Leonel Orozco, presidente de la Cooperativa 12 de Octubre, adujo que el cálculo del Irtramma no toma en cuenta el valor real del mantenimiento de las unidades, ni el incremento en el pago de los trabajadores de un bus.
A la fecha, el costo del pasaje urbano en Managua es de 2.50 córdobas y, para mantener esa cifra, el Estado debe entregar al sector transporte un subsidio monetario superior a los 110 millones de córdobas y un monto similar en concepto de combustible venezolano.
La discusión de la tarifa es fundamental para definir el monto del subsidio que se le entrega al sector.

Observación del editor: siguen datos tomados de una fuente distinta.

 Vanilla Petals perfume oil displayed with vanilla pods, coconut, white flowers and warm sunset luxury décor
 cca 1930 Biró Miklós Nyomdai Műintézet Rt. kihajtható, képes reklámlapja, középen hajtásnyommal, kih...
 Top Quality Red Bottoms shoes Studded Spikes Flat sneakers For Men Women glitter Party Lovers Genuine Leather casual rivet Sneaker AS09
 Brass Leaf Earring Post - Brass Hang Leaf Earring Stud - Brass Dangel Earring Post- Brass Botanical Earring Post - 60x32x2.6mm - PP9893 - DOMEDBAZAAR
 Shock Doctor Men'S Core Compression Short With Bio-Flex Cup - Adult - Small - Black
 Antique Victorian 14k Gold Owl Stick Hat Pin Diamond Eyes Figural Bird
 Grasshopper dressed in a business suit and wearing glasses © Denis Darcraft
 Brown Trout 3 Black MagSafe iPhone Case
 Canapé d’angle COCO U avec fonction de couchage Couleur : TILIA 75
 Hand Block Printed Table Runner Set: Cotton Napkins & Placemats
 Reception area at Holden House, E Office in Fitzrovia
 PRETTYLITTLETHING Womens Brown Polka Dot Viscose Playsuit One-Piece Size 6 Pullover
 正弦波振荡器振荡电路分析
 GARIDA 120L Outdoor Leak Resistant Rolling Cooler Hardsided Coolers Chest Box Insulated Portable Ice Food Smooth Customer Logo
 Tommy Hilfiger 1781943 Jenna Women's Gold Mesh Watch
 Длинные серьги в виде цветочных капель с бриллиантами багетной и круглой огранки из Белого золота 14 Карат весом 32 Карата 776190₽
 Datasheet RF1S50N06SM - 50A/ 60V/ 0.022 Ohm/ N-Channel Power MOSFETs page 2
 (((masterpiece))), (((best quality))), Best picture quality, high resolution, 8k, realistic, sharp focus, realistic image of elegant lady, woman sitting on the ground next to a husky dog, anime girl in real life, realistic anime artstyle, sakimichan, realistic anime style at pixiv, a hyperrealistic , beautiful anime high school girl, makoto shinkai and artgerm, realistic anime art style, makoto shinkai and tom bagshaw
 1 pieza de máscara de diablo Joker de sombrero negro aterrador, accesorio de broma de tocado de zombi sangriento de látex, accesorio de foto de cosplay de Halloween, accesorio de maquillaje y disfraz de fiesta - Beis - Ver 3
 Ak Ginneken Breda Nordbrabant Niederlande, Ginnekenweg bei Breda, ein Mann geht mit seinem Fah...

“Básicamente, el subsidio depende de la tarifa, porque ellos (los transportistas) cobran 2.50 córdobas como tarifa social, pero la diferencia con la tarifa real (de 3.02 córdobas, según el Irtramma) es lo que al sector se le entrega por cada usuario como un subsidio”, explicó García.
Los representantes de las cooperativas Andrés Castro, Ricardo Morales Avilés, Iván Montenegro, Casimiro Sotelo y Samuel Mairena, entre otras cooperativas, también argumentaron que el Estado aún no les ha garantizado los 136 millones que el sector urbano requiere para seguir cobrando la tarifa de 2.50 córdobas.